Are regulators at the California Department of Conservation's Division of Oil, Gas and Geothermal Resources free to make decisions in the public interest? Despite serious complaints voiced by farmers and environmentalists in Kern County, state regulators over the past year and more have waived environmental review for dozens of controversial new gas and oil drilling operations.
The drilling permit issue has highlighted Gov. Jerry Brown's open hostility to the California Environmental Quality Act. "I have never seen a CEQA exemption I didn't like," the governor said last summer. That came after Brown fired two officials of the Department of Conservation who had been slow to grant waivers. Their replacements have since handed out more than two dozen drilling permits with scarcely any environmental review, the Los Angeles Times reported in an article reprinted in The Bee on Monday.
According to the Times, oil and gas firms gave more than $1.1 million to the governor's tax initiative campaign following personnel changes at the agency.
Farmers and oil companies have worked happily side by side in Kern County for decades. But in recent months farmers have raised legitimate concerns about a controversial drilling technique, hydraulic fracturing, or fracking. The process requires pumping huge quantities of water, sand and chemicals under very high pressure down well bores. The drilling operation creates or expands fissures in underground geologic formations, allowing release of oil and gas, which has led to a new energy boom across the nation.
Thousands of people have been put back to work as a result. But critics complain fracking may be depleting and contaminating underground water supplies and that it may even trigger earthquakes.
One farmer whose concerns were detailed by the Times has sued. He wants the state to perform a full environmental review before permitting an energy company to drill an exploratory well on his property.

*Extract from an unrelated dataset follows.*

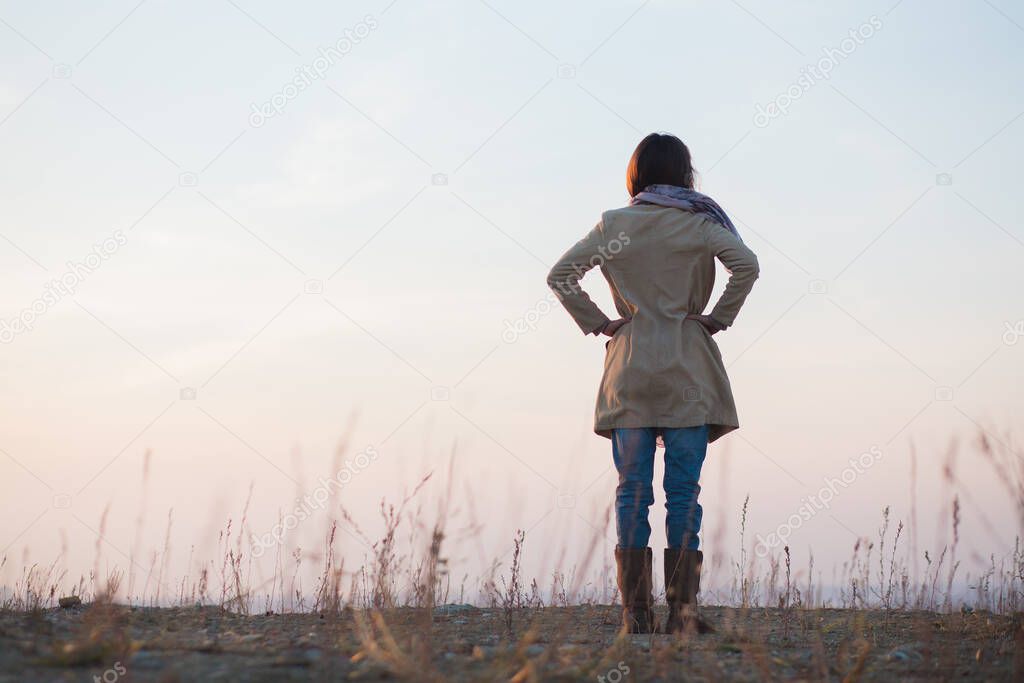 young woman standing alone on barren land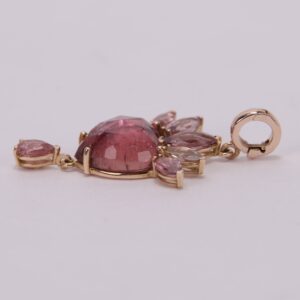 Gold pendant with pink gemstones on display.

A handful of environmentalist organizations have filed a separate lawsuit. They say state regulators have violated CEQA by granting drilling permits without first evaluating the potential environmental impacts of fracking.
Pushback from critics may be having an impact. The Conservation Department has held a series of workshops on the issue and is expected to have its first-ever set of draft fracking regulations ready for review by next year.

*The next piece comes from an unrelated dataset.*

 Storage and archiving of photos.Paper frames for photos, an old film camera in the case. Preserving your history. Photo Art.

Environmentalists are split on how tightly the department should regulate fracking. Some think the technique is inherently dangerous and should be banned outright. Others want a moratorium on new wells until adequate regulations are in place.
Given that natural gas is a better alternative than coal in generating electricity, there's a reasonable argument to be made that either a ban or moratorium on fracking wouldn't be in the best interest of the state's overall energy interests.
Nonetheless, state regulators can no longer ignore the potential dangers. New regulations must be robust. At minimum, energy companies should be required to give regulators and the public notice about when and where fracking will take place and how close it will be to any active earthquake fault; how much water will be used and where it will come from; what chemicals will be used and where; and how wastewater, used chemicals and other drilling debris will be disposed of.
Regulators must demonstrate they are working to safeguard the public, not to make life easier for energy companies with political clout.